━━━ Supplied material

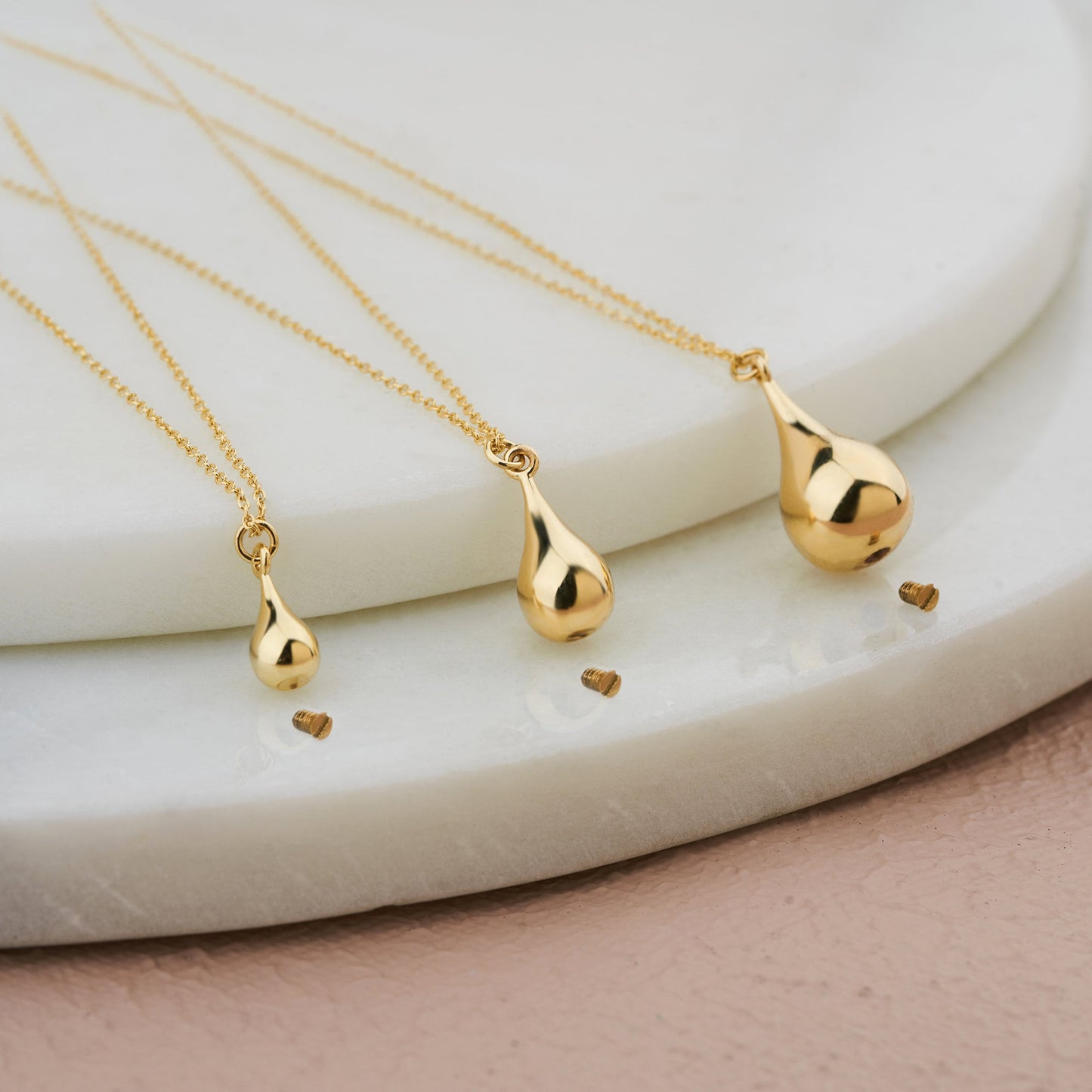 Gold teardrop-shaped pendants on delicate chains for a personalized cremation urn necklace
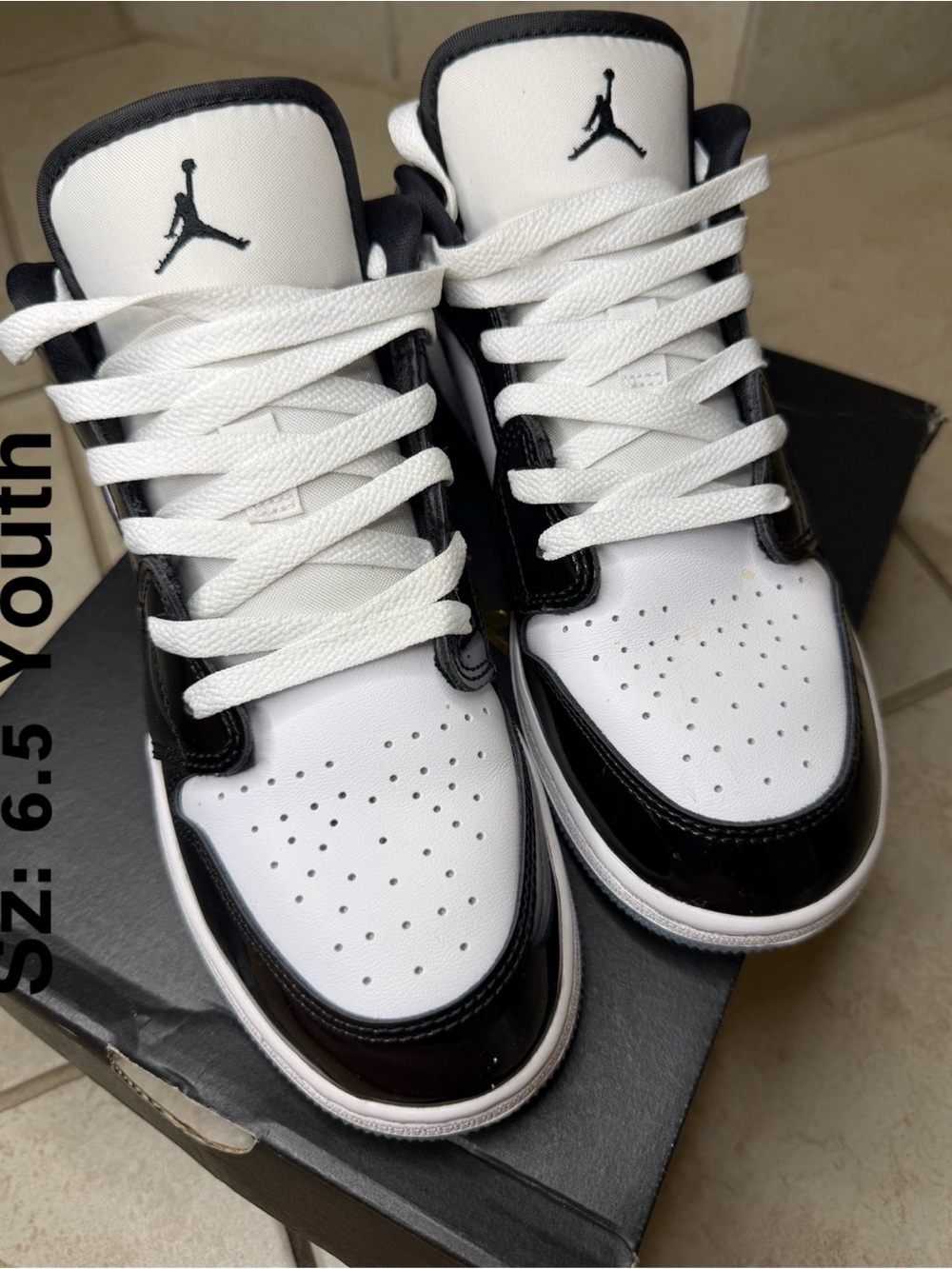 Jordan Youth Black and White High-Top Sneakers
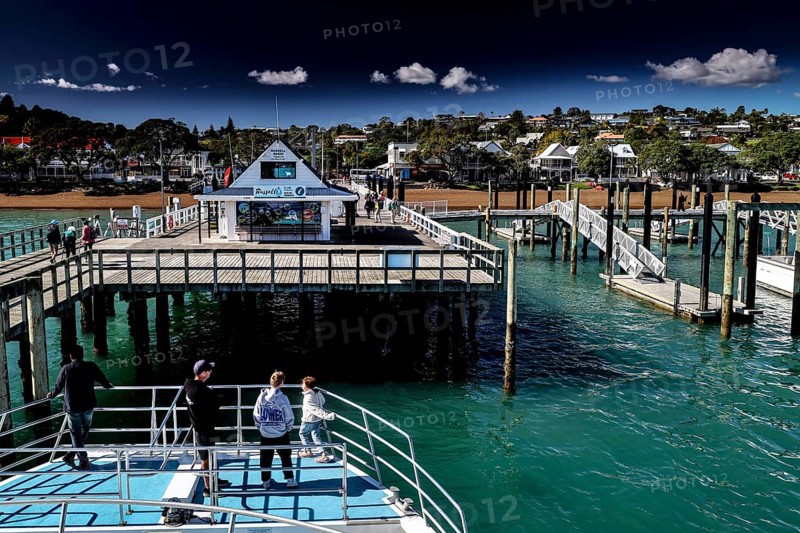 Russell Harbour with jetties and boats on blue water, Russel, Northland, New Zealand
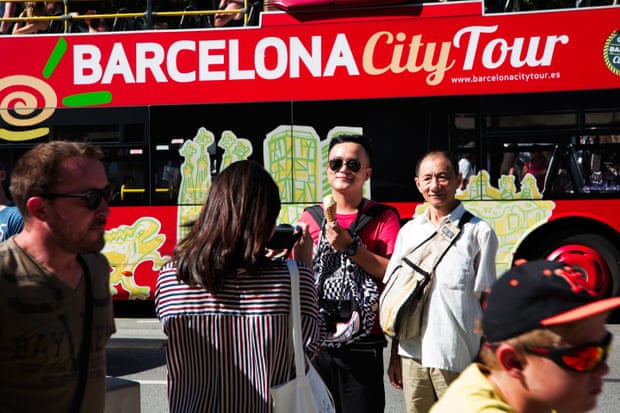 Tourists posing for snaps outside Sagrada Familia.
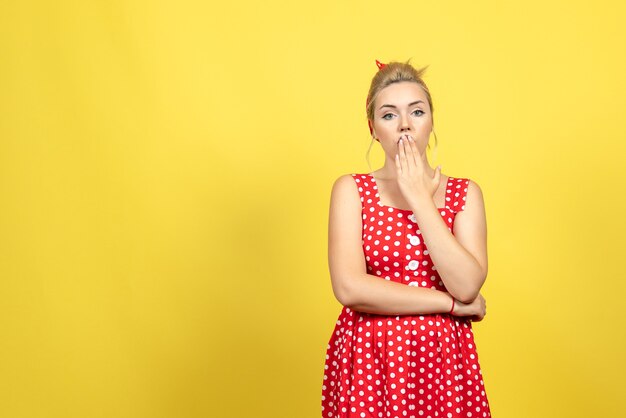 jonge vrouw in rode polka dot jurk poseren op geel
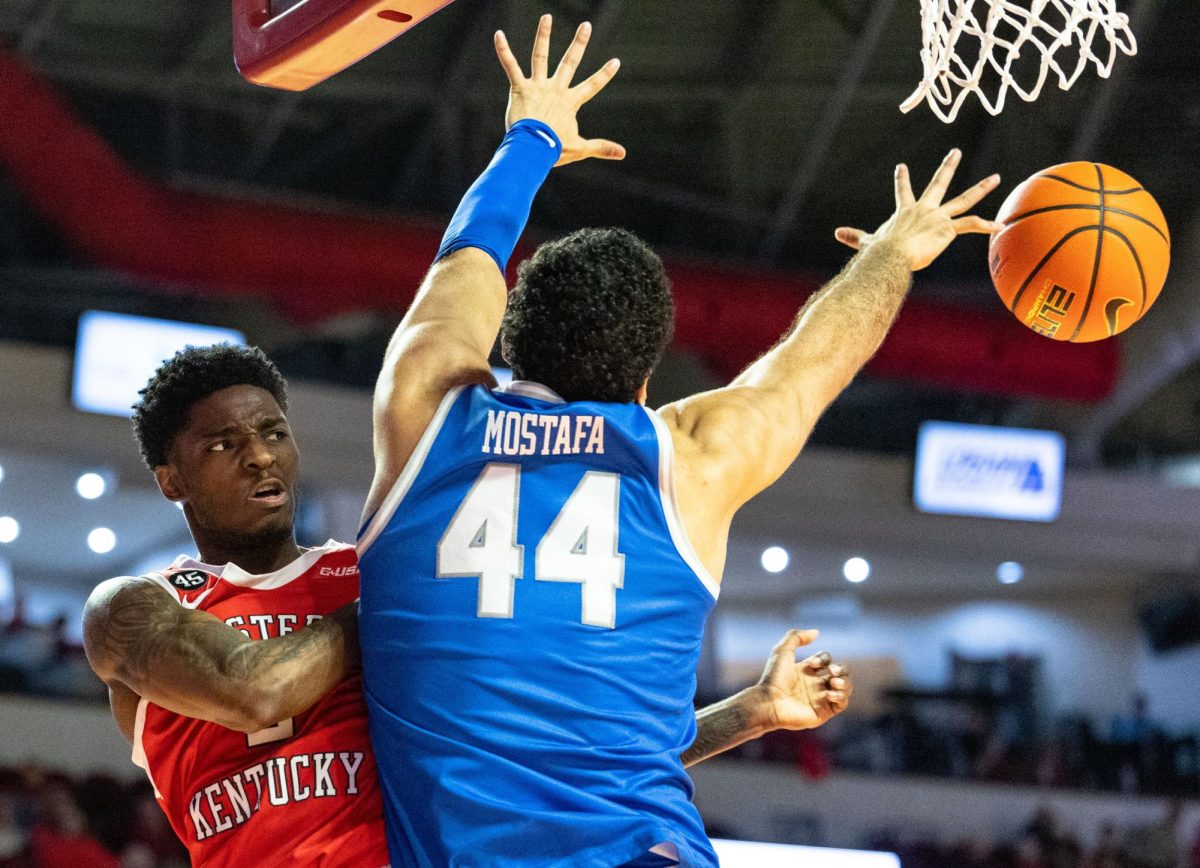 Western Kentucky Hilltoppers guard Don McHenry (2) passes the ball after attempting a layup during a game against Middle Tennessee State University in Diddle Arena on Saturday, Feb. 15, 2025. 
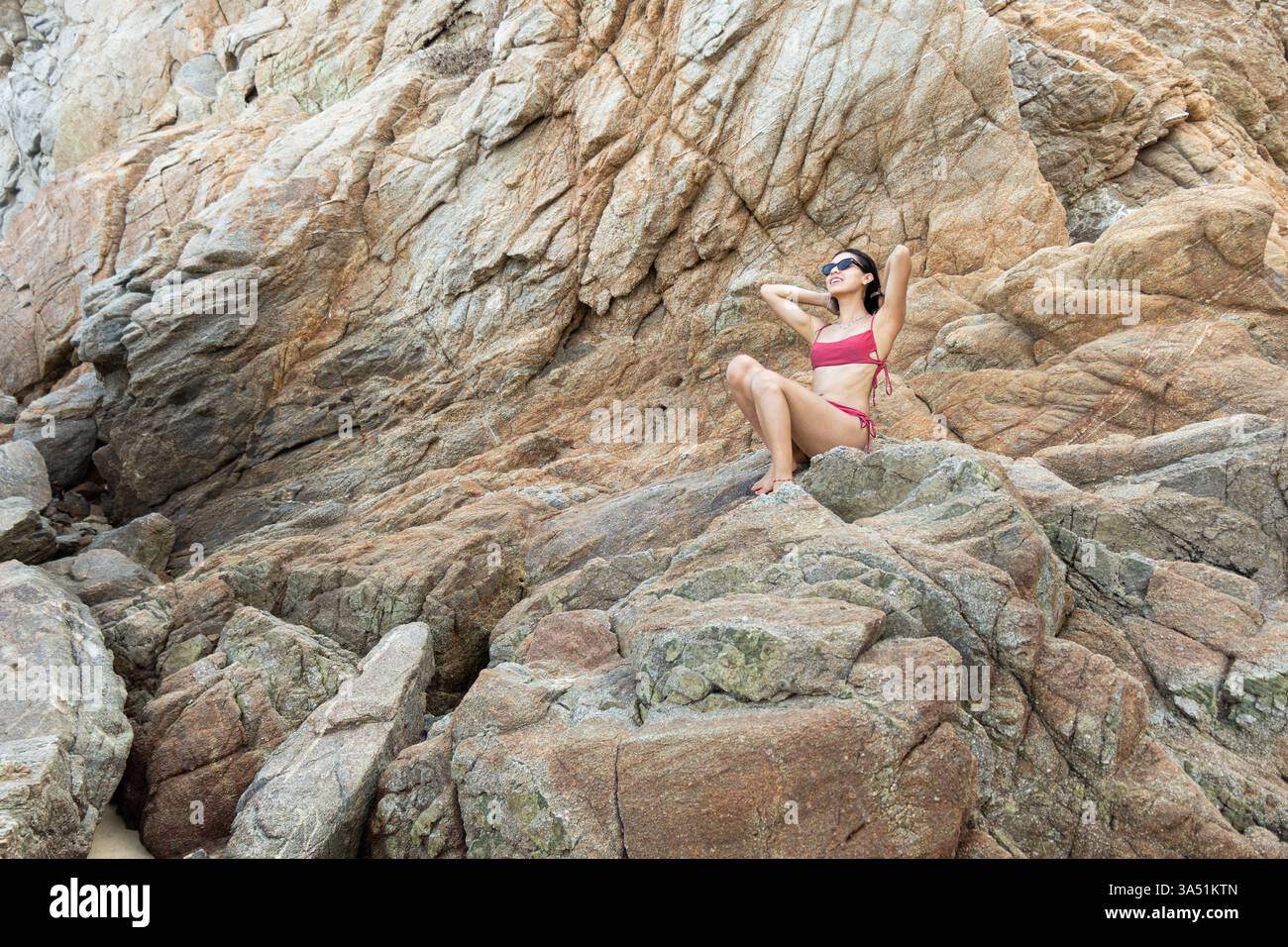 Donna ispanica sorridente in bikini rosa e occhiali da sole fissando i capelli e guardando lontano mentre è seduta su una collina rocciosa durante le vacanze estive Foto Stock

━━━━━━

(Task details) Every line from the one containing "Western Kentucky Hilltoppers" to the end of the material above is to be returned exactly, with the pictures left out.

(Exercise answer)
 Western Kentucky Hilltoppers guard Don McHenry (2) passes the ball after attempting a layup during a game against Middle Tennessee State University in Diddle Arena on Saturday, Feb. 15, 2025. 
 Donna ispanica sorridente in bikini rosa e occhiali da sole fissando i capelli e guardando lontano mentre è seduta su una collina rocciosa durante le vacanze estive Foto Stock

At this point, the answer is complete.